It seems recent bug reports for 5.6.12 are mostly related to small details that may not be of any importance to a typical user. For example, Bug #69419 that was reported by my colleague almost immediately after release questions the way mtr is used in the release process. Change related to fix for other bug had broken few tests, but tests were neither updated nor temporary disabled it seems. This is strange, at best, and can mean many things (from simple mistake to "nobody cares", to switch to some other tools for internal regression testing).

"Nobody cares" does NOT apply though, as during this week Shane Bester had reported 2 public bugs related to potential performance improvements possible in 5.6.12. Check Bug #69420 and Bug #69422. Looks like he tries to find and eliminate reasons for even less than smallest slowdown in benchmarks.
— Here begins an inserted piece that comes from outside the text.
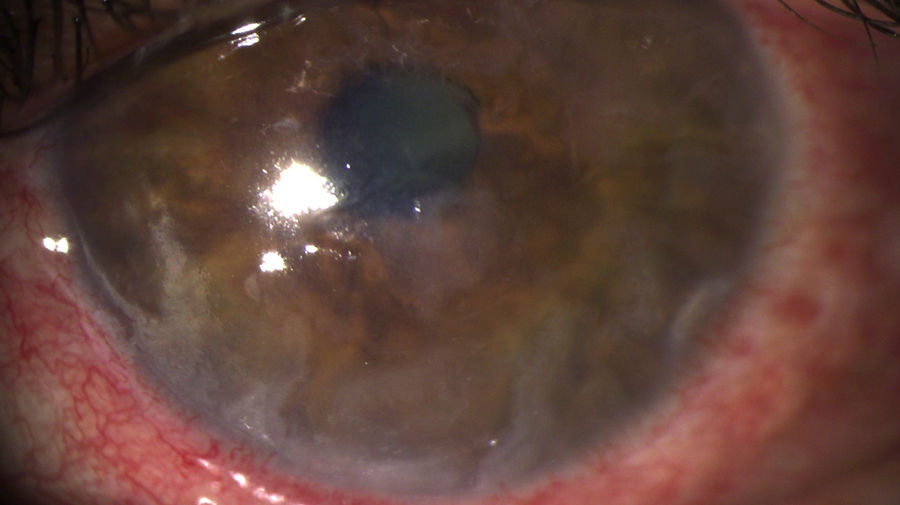 Spaltlampenfoto-Darstellung von Neurotrophe Keratopathie am linken Auge. Neurotrophe Keratopathie betrifft die Hornhaut; entscheidend sind Ätiologie, Tiefe des Befunds und rasche, zielgerichtete Therapie.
He is not the only one. Check Bug #69451. Event the smallest chunk of redundant code can not hide these days from careful users...
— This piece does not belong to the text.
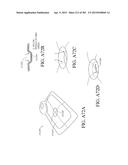 NEGATIVE PRESSURE WOUND THERAPY APPARATUS diagram and image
One topic for bug reports is ages old: MySQL still do not use proper data type for integers in many parts of the code. Bug #69431 from Shane is one of recent examples. Bug #69469 (that is more or less a duplicate of Bug #69249 reported for 5.6.11 a month ago), is another one, but related to a new feature introduced in 5.6. It seems that topic is valid for a new code as much as for older one that Monty and Sinisa were reviewing a decade ago. Let's hope that for MySQL 5.7 GA the review of the entire code base is planned, with the aim to find and fix all problems of this kind (among others).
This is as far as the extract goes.